Наука и религия в современной философии - Бутру Эмиль (книги бесплатно без регистрации .txt) 📗
Практика предполагает: во-первых, веру; во-вторых, объект, предположенный этой верой; в-третьих, любовь к этому объекту и желание реализовать его. Что найдем мы в основе этих трех элементов, если попытаемся создать себе о них более или менее отчетливое представление?
Задавшись прежде всего вопросом, в чем состоит и чем оправдывается вера, лежащая в основе каждого сознательного поступка, мы убеждаемся, что она сознательно или бессознательно покоится на чувстве долга. Верить, значит утверждать, и притом вполне категорически, что толчок к действию дает разуму нечто иное, чем те вещи, которые мы видим, и которые мы знаем. Действие нуждается в мотиве. Разум находит этот мотив в идее долга.

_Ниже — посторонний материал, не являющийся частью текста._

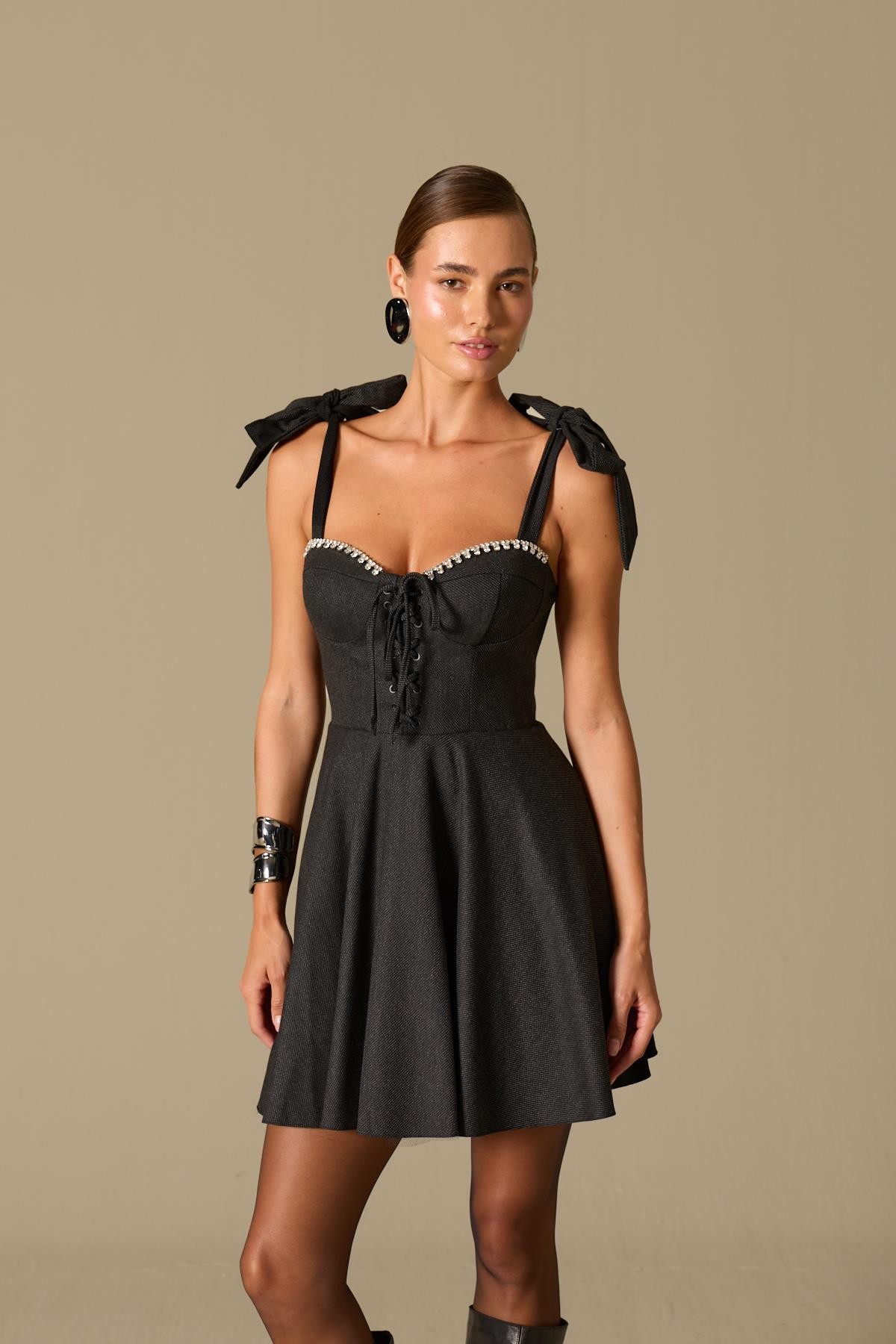 Timeless Grace Mini Elbise Black-Grey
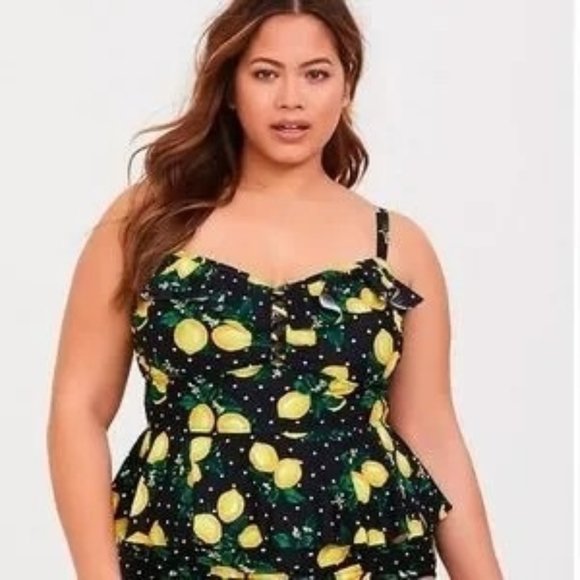 torrid Other - Torrid Lemon Dot Tankini Swim Top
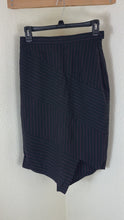 Load and play video in Gallery viewer, Vintage Moschino Couture Asymmetrical Pinstripe Wool Skirt Pink Black IT 42 US 8 7 S M
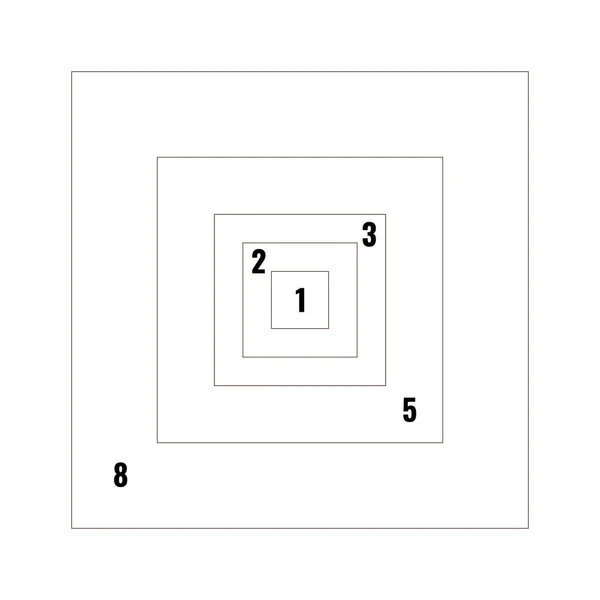 Rapport de section d'or ou carrés de proportion. Concept harmonieux avec rectangle. Illustration vectorielle.. — Image vectorielle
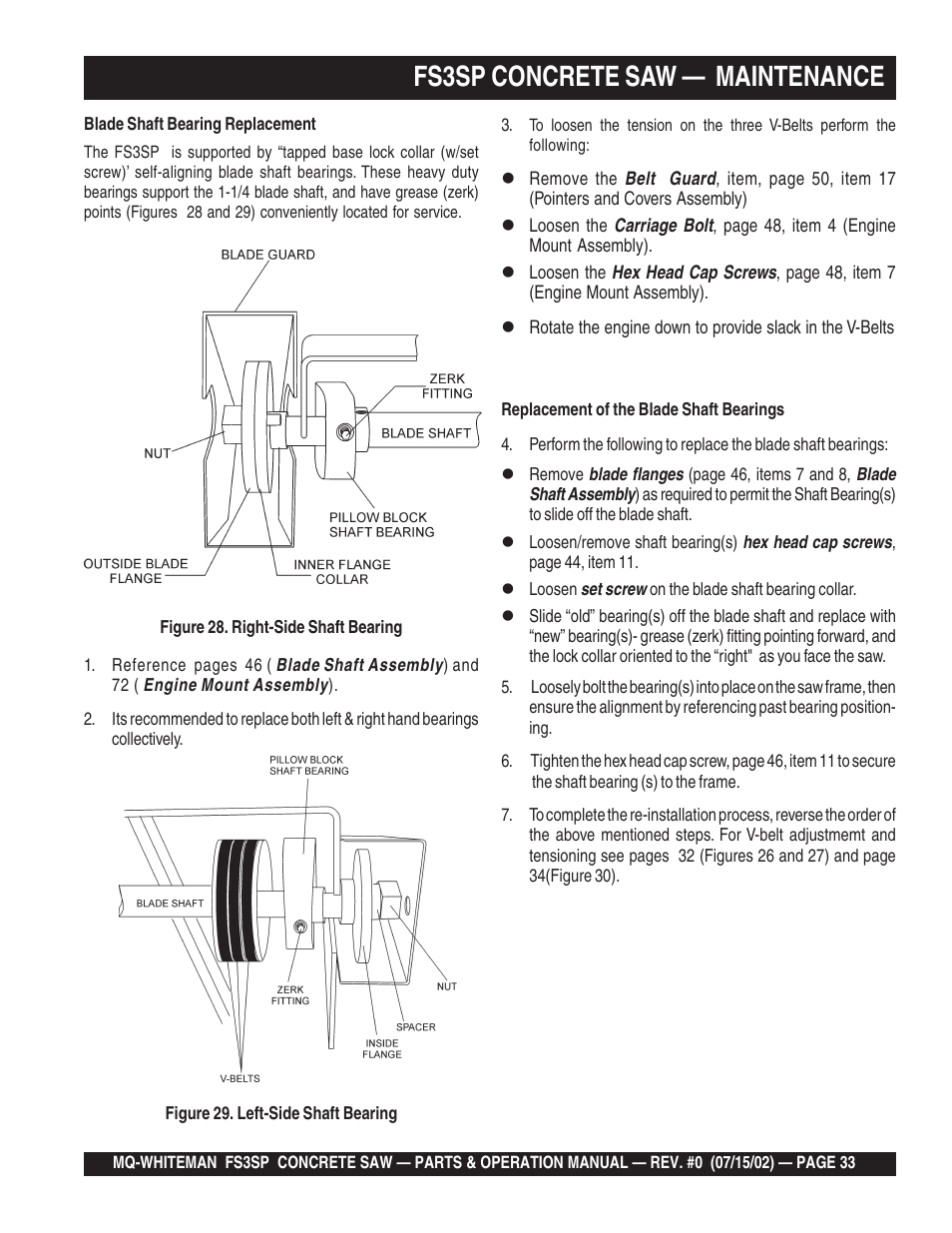 Fs3sp concrete saw — maintenance, W — transmission assy | Multiquip Whiteman Concrete Saw FS3SP User Manual | Page 33 / 78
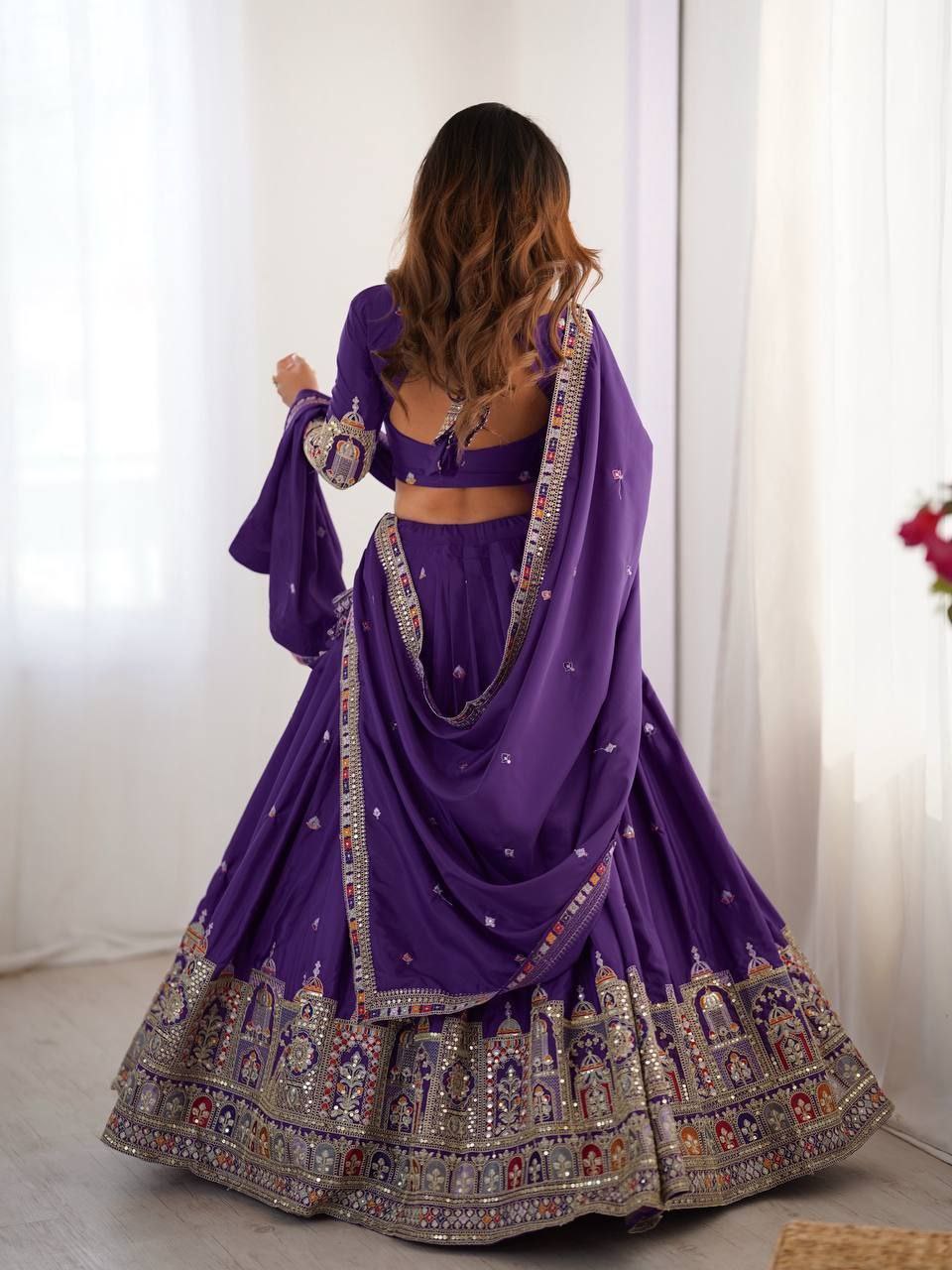 Purple Elegant French Crepe Semi-Stitched Lehenga with Multi-Thread & Sequins Embroidery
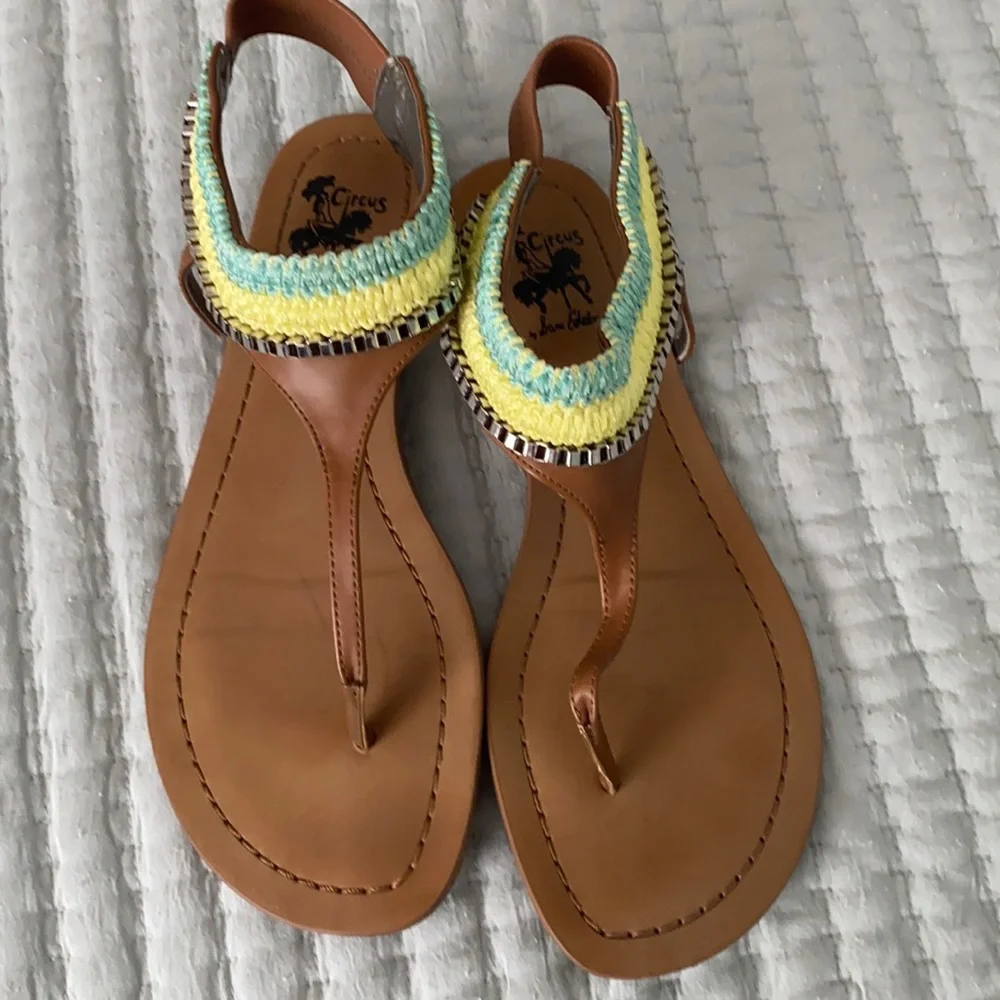 Sam Edelman Green and Blue Macrame Circus Sandals with Silver Chain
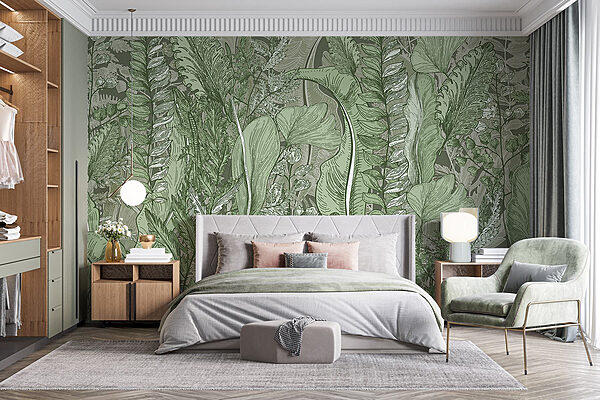 La verdure luxuriante remplit la toile Papier peint La verdure luxuriante remplit la toile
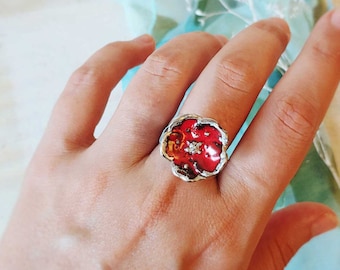 Mix & Match Flower Extravaganza Silver Ring, Poppy Ring, Red Poppy Ring, Flower Ring, Botanical Ring, Bud Ring, Flower Lover Gift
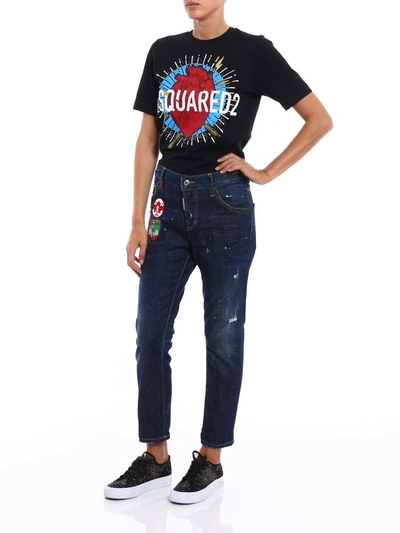 Shop Dsquared2 Cool Girl Crop Jeans With Patches In Blue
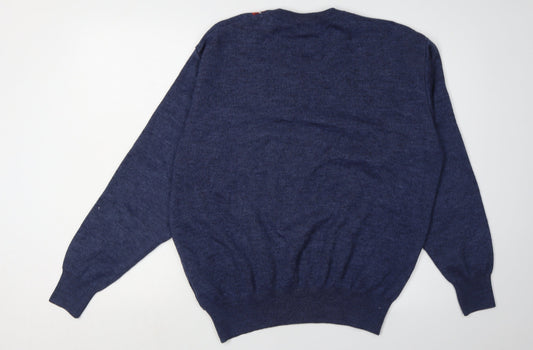 Gabicci Men's Blue XL V-Neck Cable-Knit Jumper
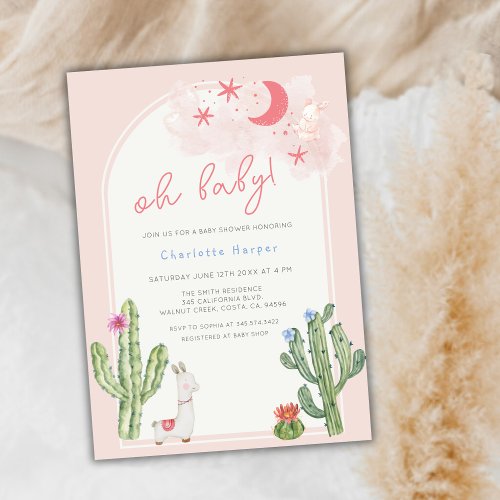Neutral Pink Boho Arch Cactus Baby Shower  Invitation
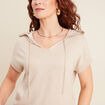 Pull sans manches à capuche couleur or femme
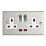 Contactum Iconic 13A 2-Gang DP Switched Socket Outlet Brushed Steel with Neon with White Inserts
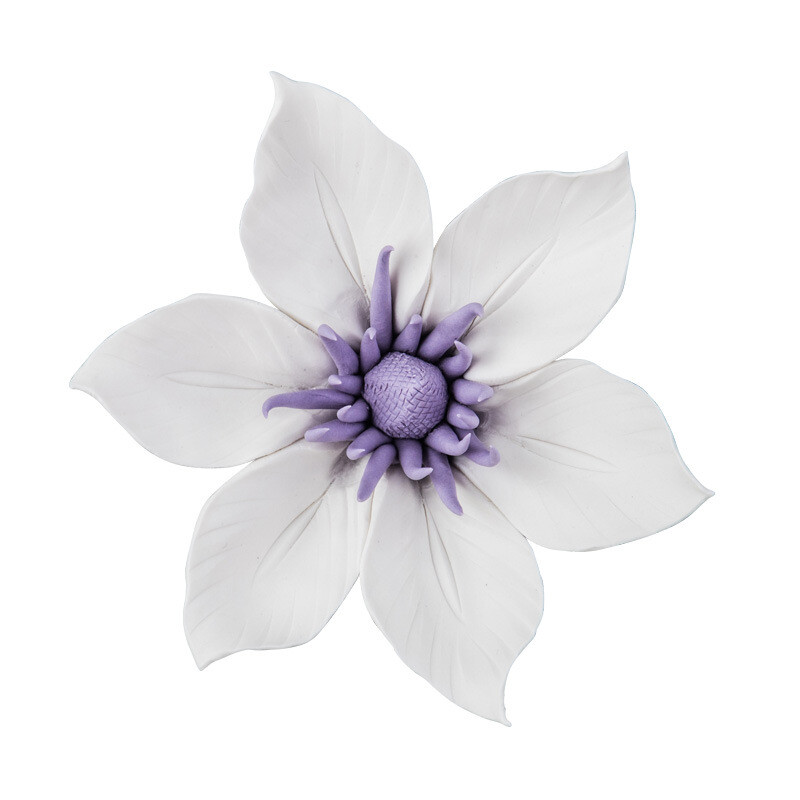 Porcelain Ceramic Flowers 3D Clematis Wall Decor Hangings Study Living Room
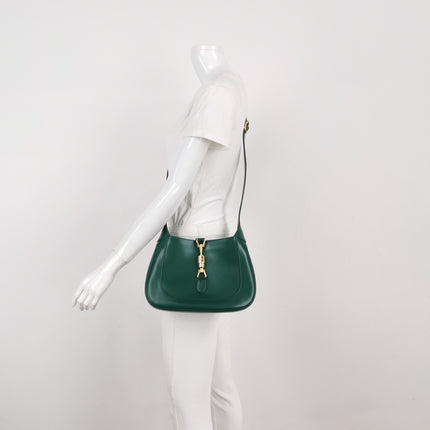 Gucci Jackie 1961 Green Leather Bag Small with Adjustable Strap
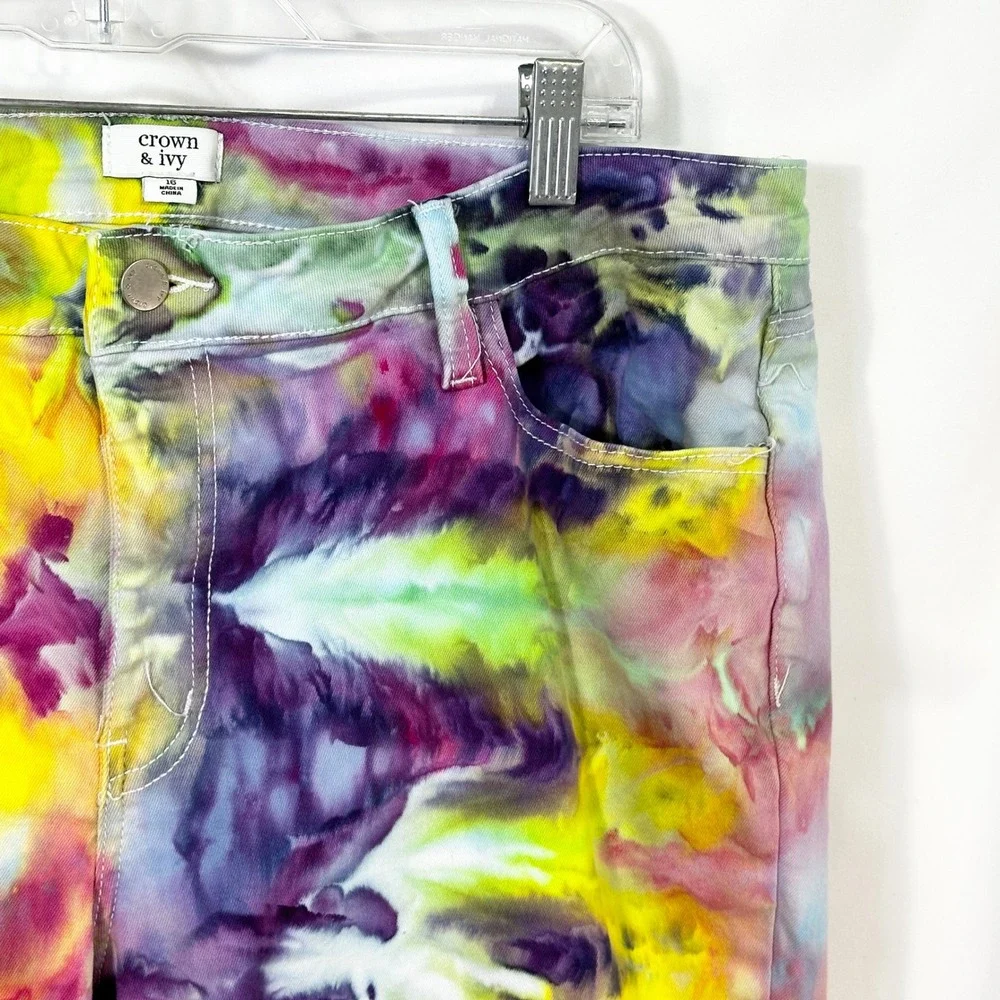 Crown & Ivy Sz 16 Capri Jeans‎ Handmade Tie Dye Denim Yellow Purple Raw Hem 1478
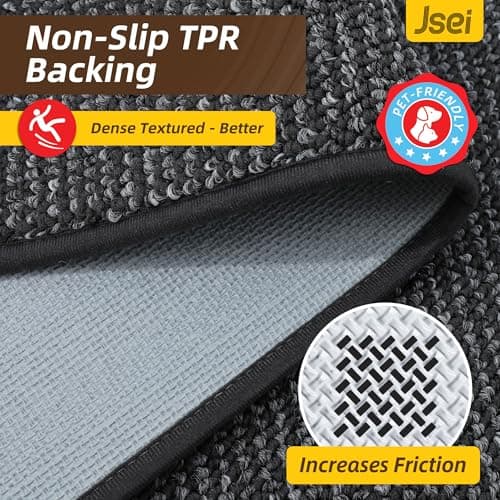 JSEI Dirt Trapper Door Mat 24"x60" Non-Slip Washable Entrance Mat, Dog Doormats, Absorbent & Fade-Resistant Floor Mats, Low Profile Welcome Mats for Entryway, Front Door, and Inside Entrance, Charcoal - Thumbnail 5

Долг есть вера. Мы вдались бы в банальность, если бы стали разглагольствовать о том, что долга нет и не может быть, раз доказано, что данное действие выполняется с фатальной неизбежностью, или, хотя бы, является желательным по соображениям, обладающим материальной очевидностью. Долг есть вера по преимуществу. Всякое другое верование можно обосновать наглядными соображениями: пользой, примером других людей, утверждением компетентного авторитета, обычаем, модой, преданием. Долг весь заключен в себе самом: он не имеет никакого другого основание кроме своего неподкупного бескорыстия.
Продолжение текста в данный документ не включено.